* [Problem statement]:
Without any pictures, retype exactly the lines that begin at the one holding "tiered ruffle ballgown" and end at the last line of the data below.
******************************
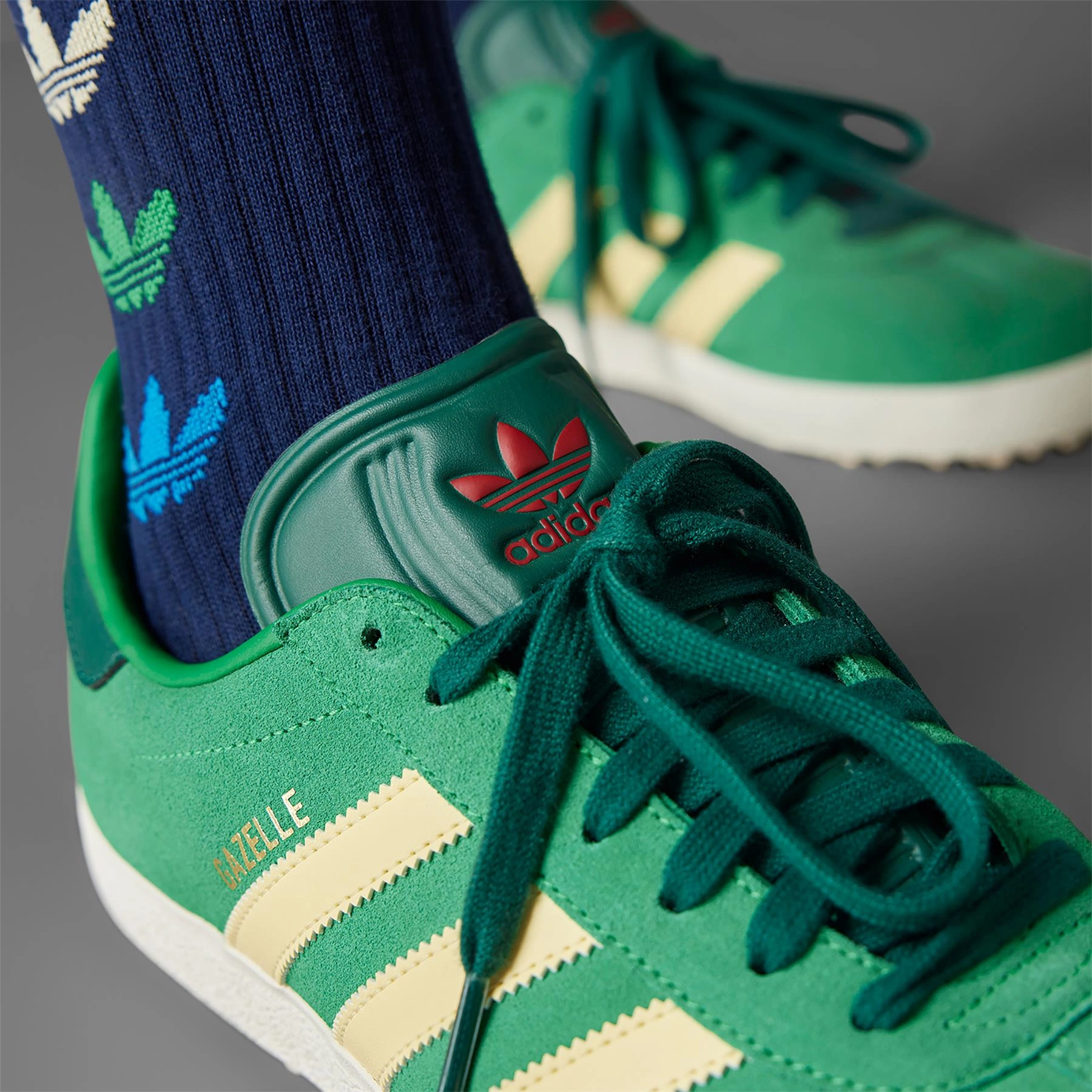 Gazelle Spikeless Golf Shoes Green/Yellow Adidas Men's Apparel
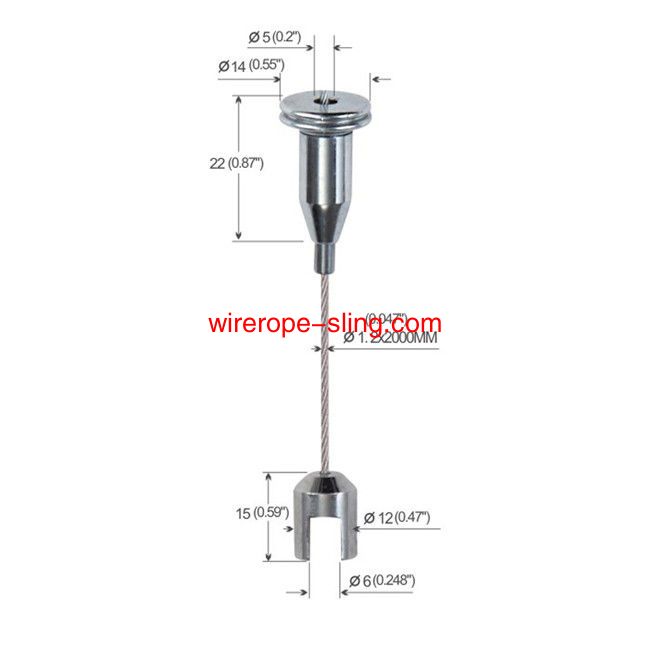 Système de suspension de fil insonorisé, réglable de 2 000 mm de long yw86004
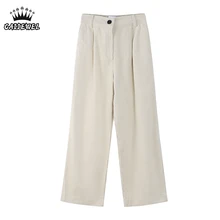 

2022 Winter White Women's Sweatpants High Waist Straight Baggy Vintage Thickening Warm Casual Female Wide Leg Corduroy Trouser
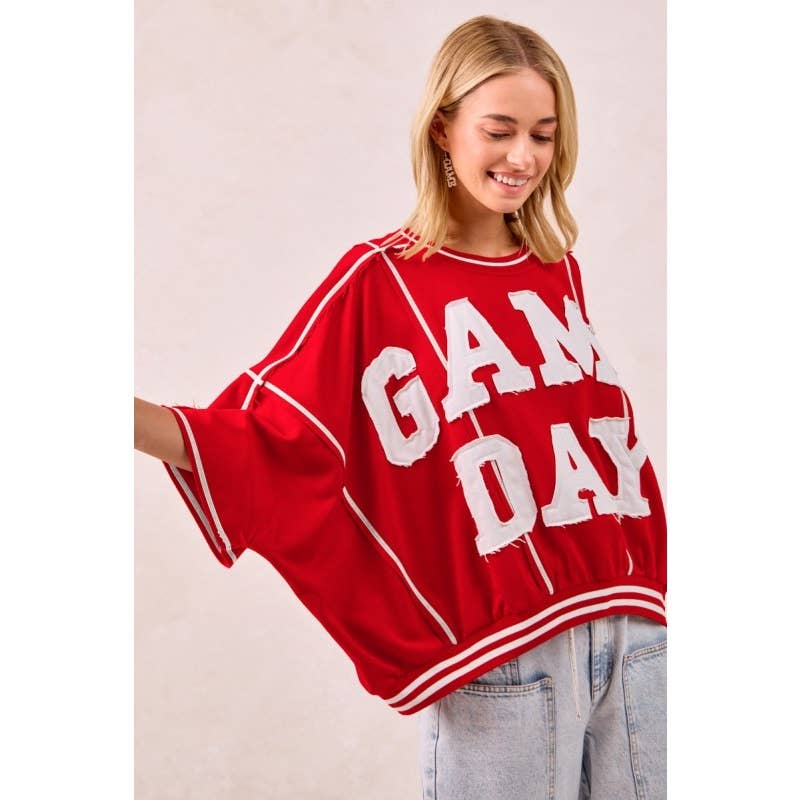 IVE - Wholesale Knit Top - Women's - Gameday Patchwork Stitch Detail French Terry Top7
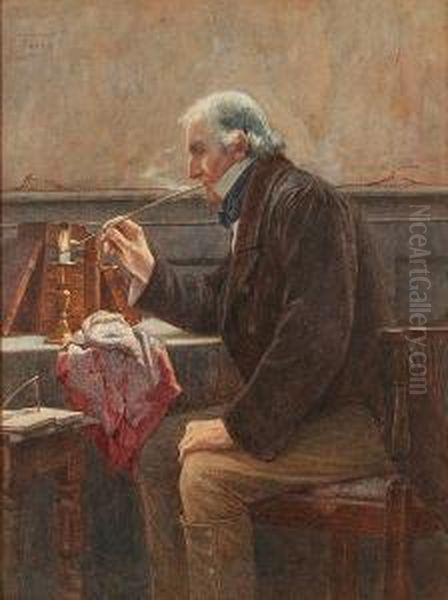 Gentleman Seated In A Study 
Lighting His Pipe, Together With Another Of An Elderly Gentleman 
Snoozing In A Chair Besides A Fire Oil Painting by Henry M. Terry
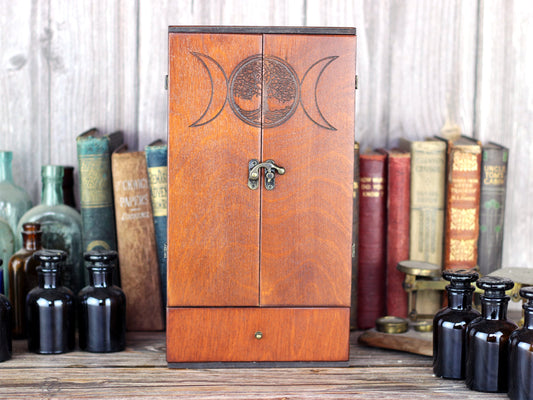 Wooden apothecary cabinet engraved with triple moon goddess and tree of life symbol. Drawer and 6 brown medicine bottles with glass stoppers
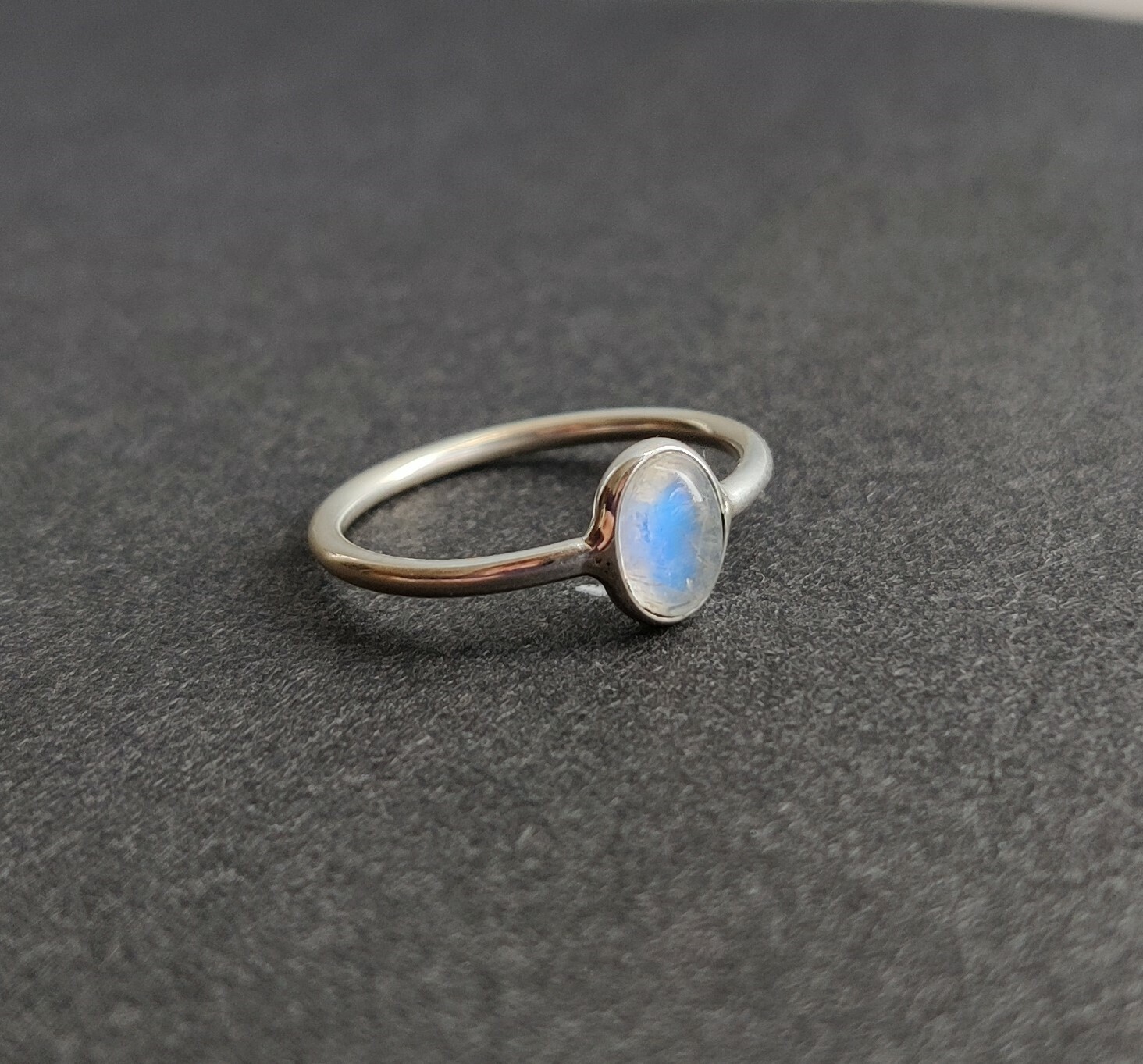 Rainbow Moonstone Ring 925 Silver Blue Flash Moonstone Tiny Women All Size Rings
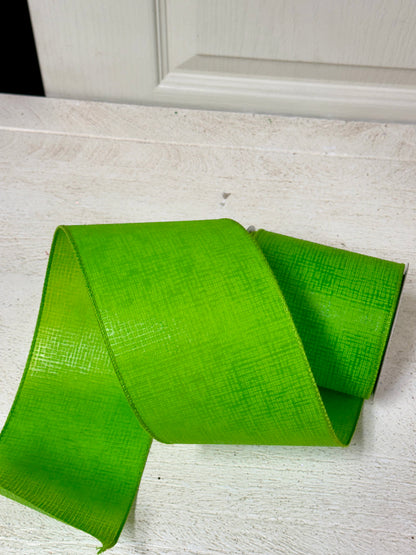 4 Inch By 10 Yard Lime Green Cross Hatch Ribbon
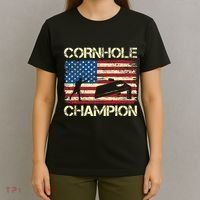 Cornhole Champion American Flag T-Shirt thumb 4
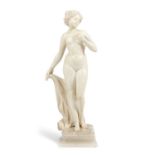 AN ITALIAN WHITE MARBLE FIGURE OF A MAIDEN IN THE MANNER OF CIPRIANI modelled as a nude young lady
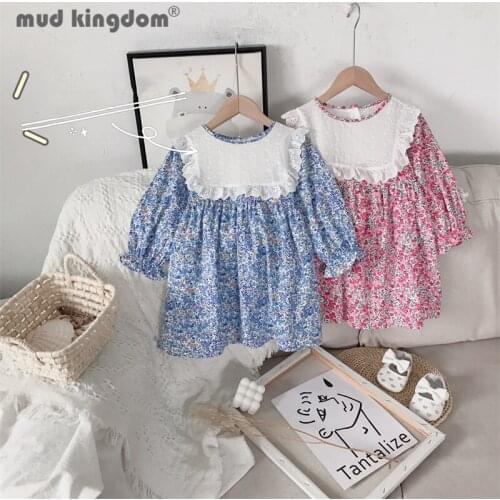 Mudkingdom Little Girl Dress Lace Crew Neck Long Puff Sleeve Floral Princess Dresses for Girls Spring Autumn Children Clothing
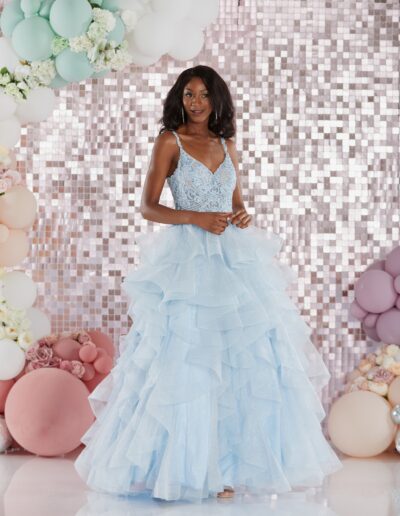 tiered ruffle ballgown prom dress lace crystal sequin glitter princess tulle straps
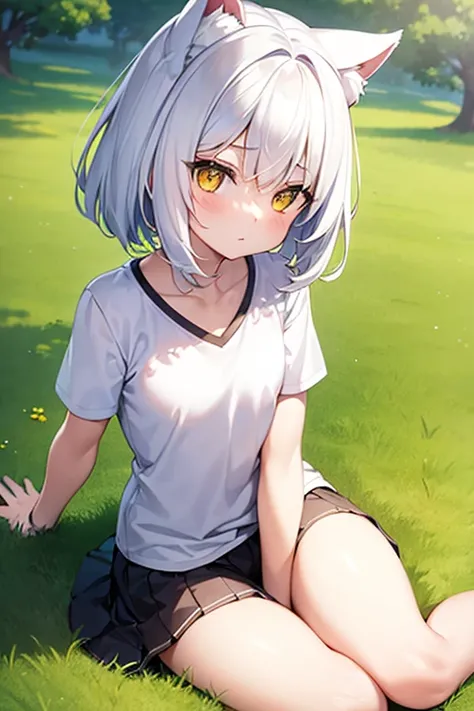 a beautiful small girl with white hair, yellow eyes, tiny bust, small ribs, white cat ears, sitting on grass, wearing a t-shirt, (masterpiece)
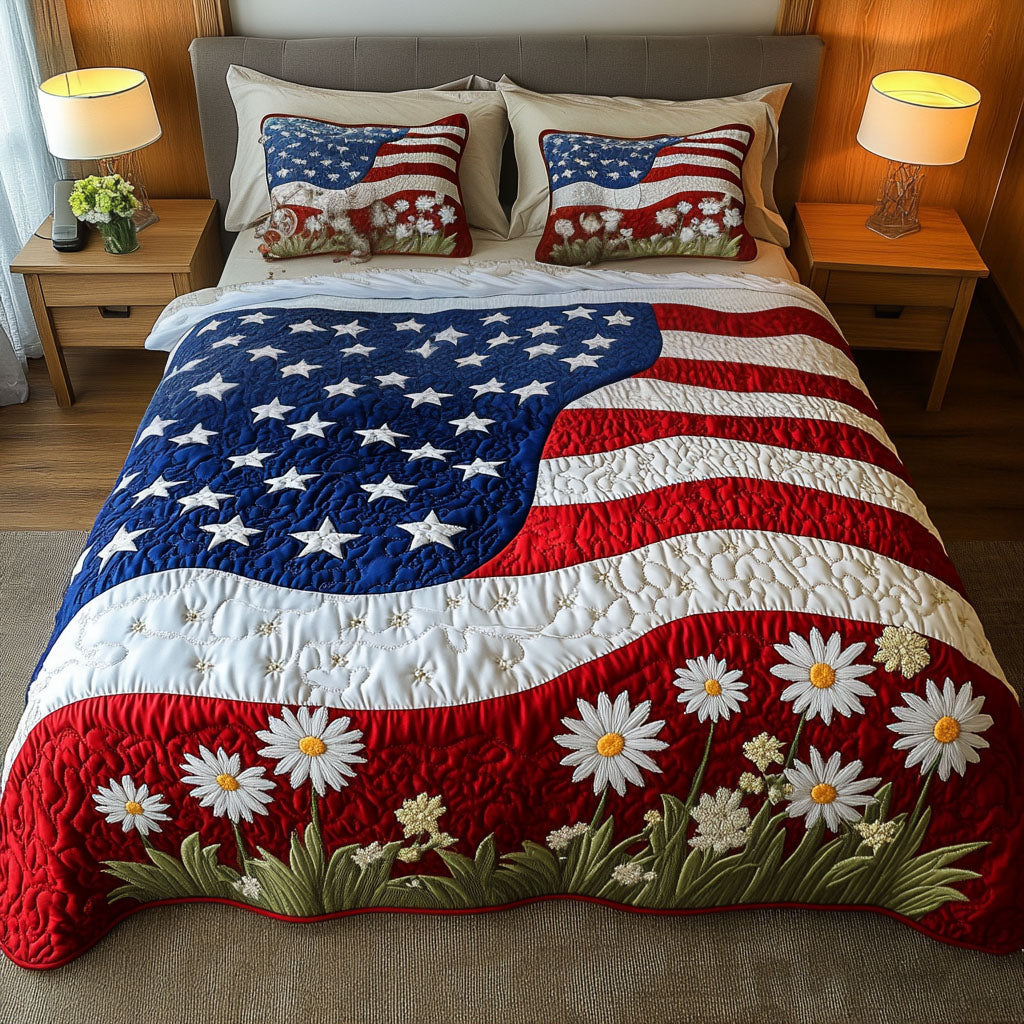 Daisy Dreams 3-Piece Quilted Bedding Set NCU0NT5359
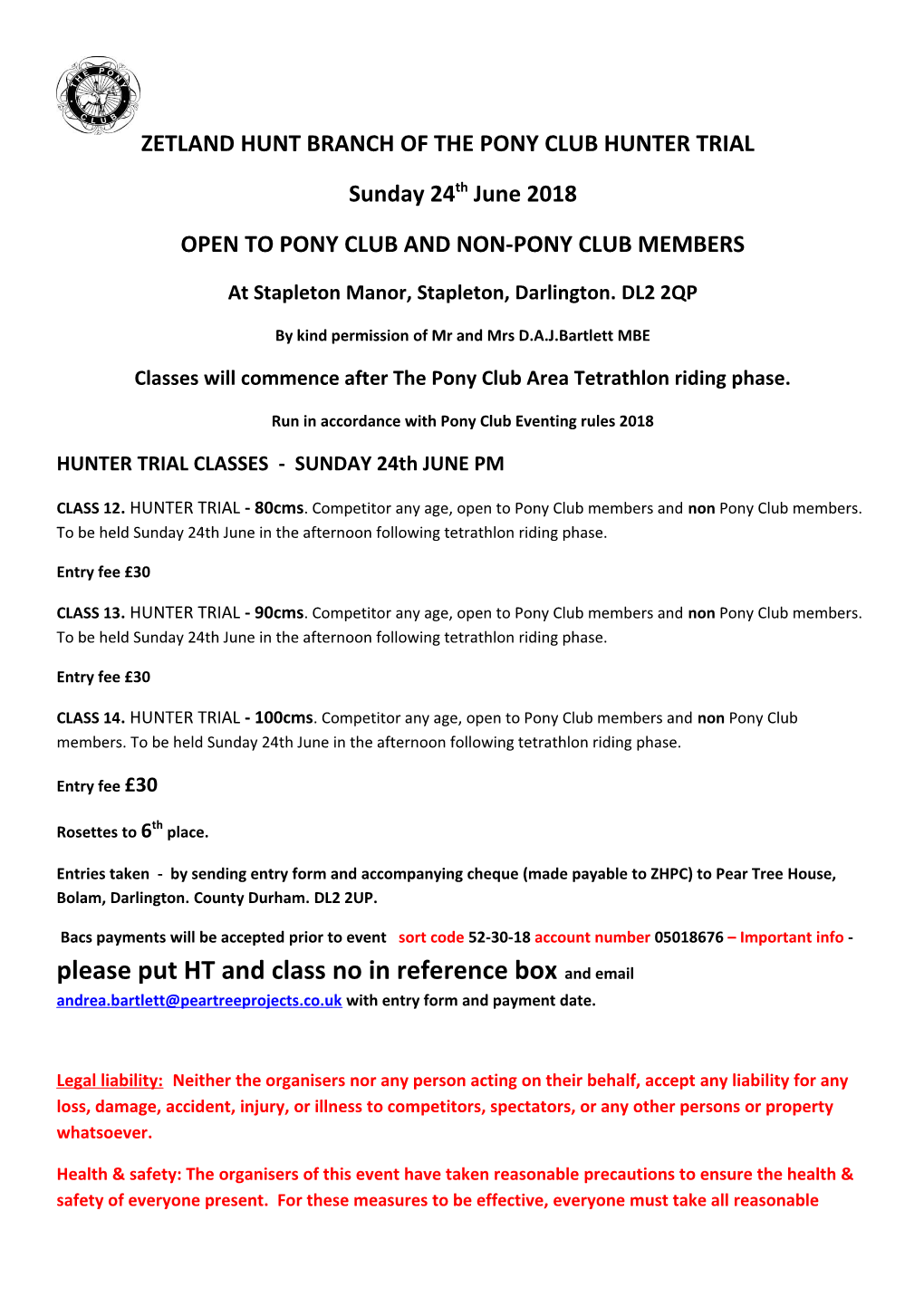 Open to Pony Club and Non-Pony Club Members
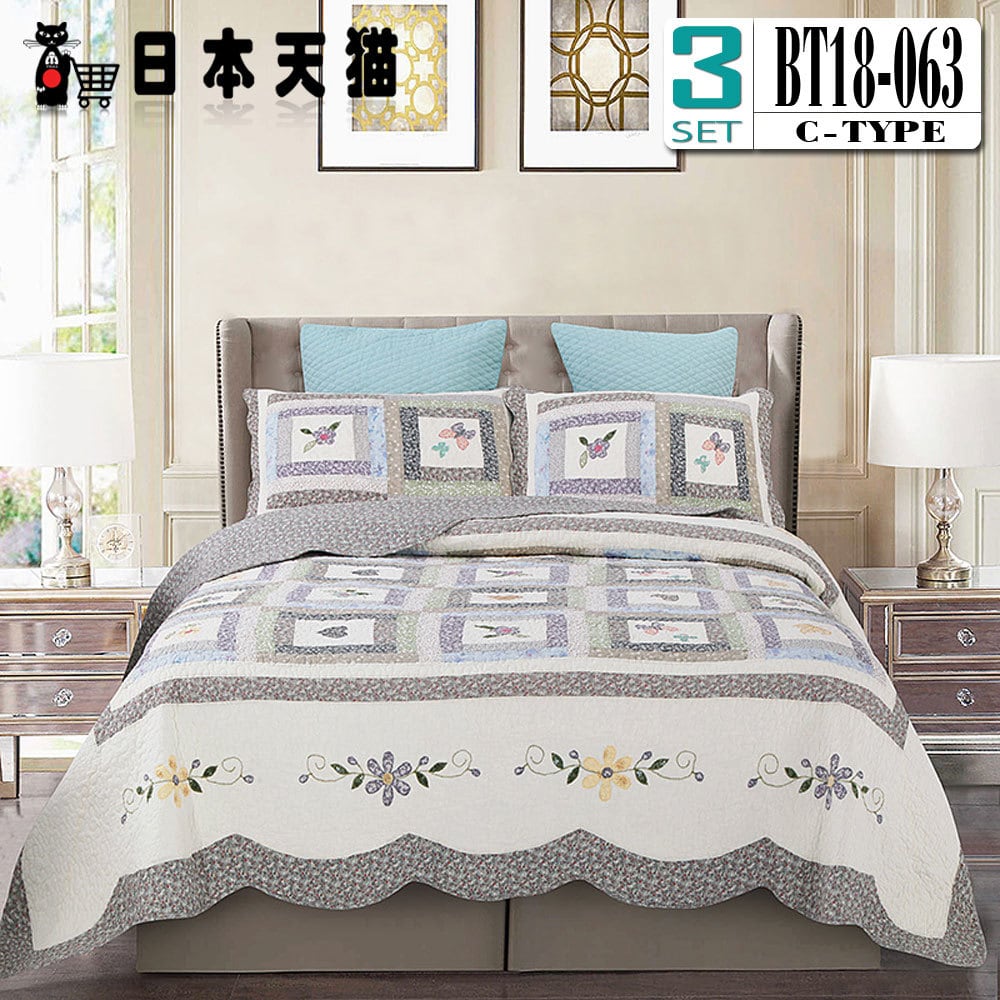 キルトベッドカバー3点セット綿マルチカバー キルティング 063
******************************
* [Answer space]:
 tiered ruffle ballgown prom dress lace crystal sequin glitter princess tulle straps
 a beautiful small girl with white hair, yellow eyes, tiny bust, small ribs, white cat ears, sitting on grass, wearing a t-shirt, (masterpiece)
 Daisy Dreams 3-Piece Quilted Bedding Set NCU0NT5359
 Open to Pony Club and Non-Pony Club Members
 キルトベッドカバー3点セット綿マルチカバー キルティング 063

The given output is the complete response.